Collection entries:
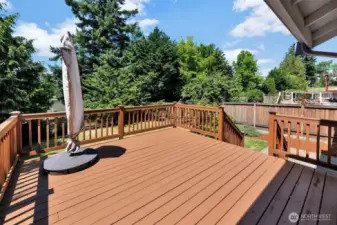 The back deck was just refreshed with new deck stain. Large patio umbrella stays.  Deck faces to the West for that afternoon sunshine.  A great place to relax and unwind.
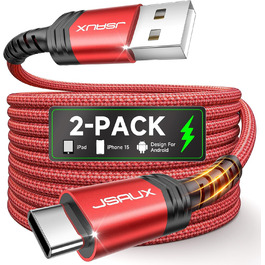 Кабель USB-C JSAUX 3.1A (2 шт. по 2м), 2 шт., червоний, для Samsung Galaxy, iPhone, PS5, CarPlay, нейлон, швидка зарядка
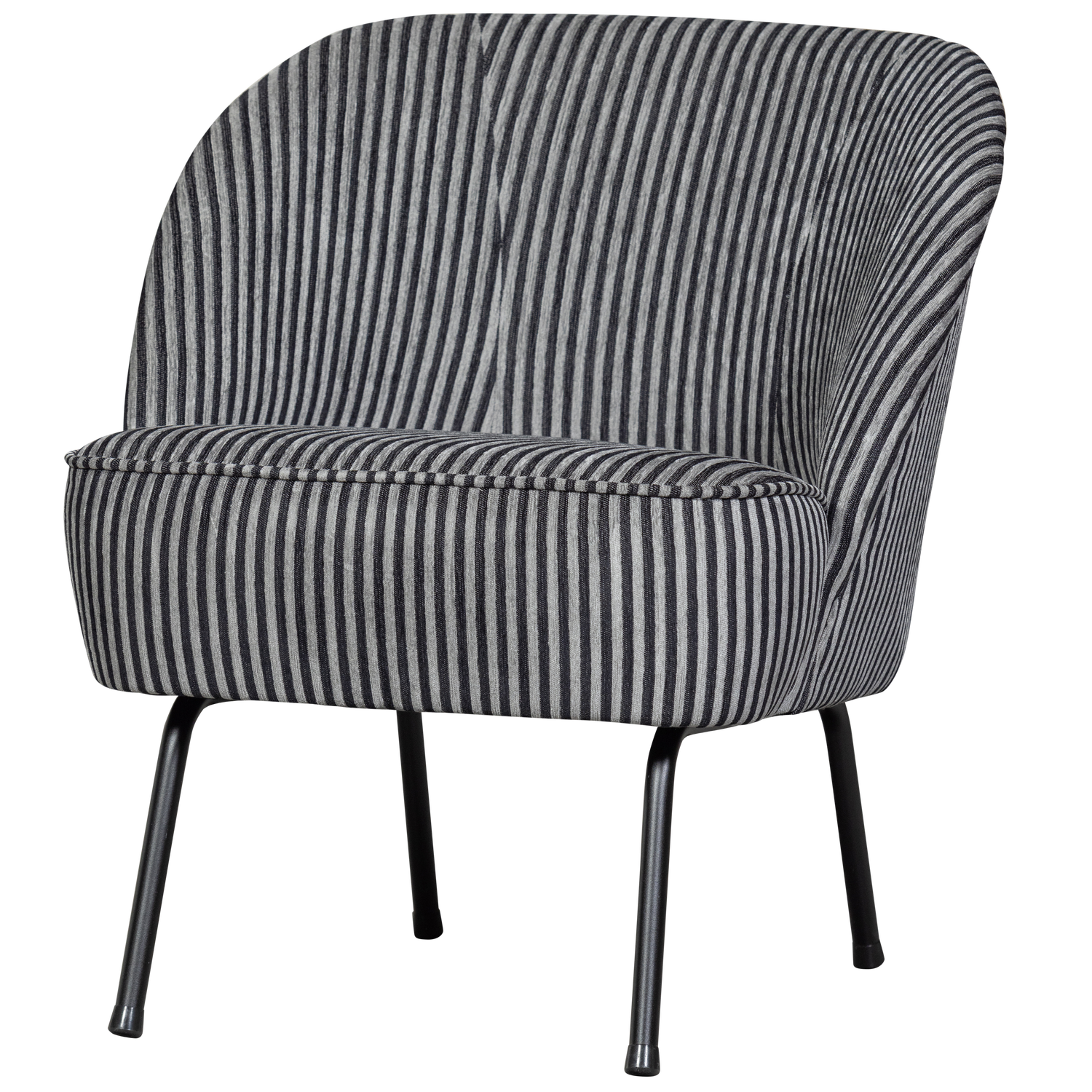 WOOOD fotoliu VOGUE ARMCHAIR STRIPE BLACK/GREY | 100% Pes | Negru | 69x57x70 cm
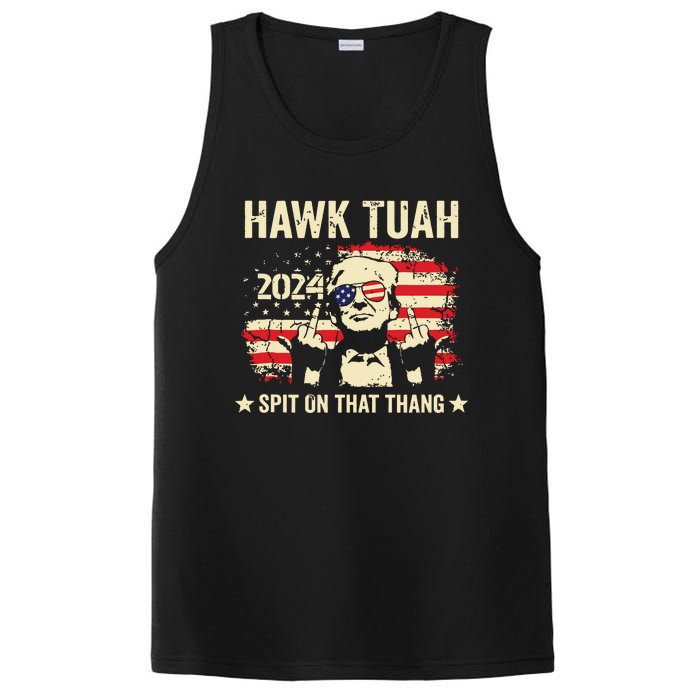 Trump 2024 Flag Funny Hawk Tush Middle Finger 24 Vote Trump Tank Top PosiCharge Competitor Tank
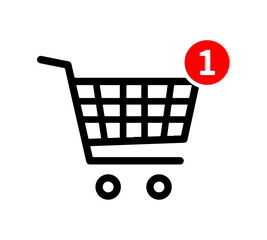 Shopping Cart Icon with One Item Notification. This universally recognized symbol indicates one item added to the cart, ideal for e-commerce and retail.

### WHAT TO DO
Leave out the pictures and repeat exactly the lines from the first line of the data through the line containing "WOOOD fotoliu VOGUE". Add nothing else.

### YOUR RESPONSE
 The back deck was just refreshed with new deck stain. Large patio umbrella stays.  Deck faces to the West for that afternoon sunshine.  A great place to relax and unwind.
 Кабель USB-C JSAUX 3.1A (2 шт. по 2м), 2 шт., червоний, для Samsung Galaxy, iPhone, PS5, CarPlay, нейлон, швидка зарядка
 WOOOD fotoliu VOGUE ARMCHAIR STRIPE BLACK/GREY | 100% Pes | Negru | 69x57x70 cm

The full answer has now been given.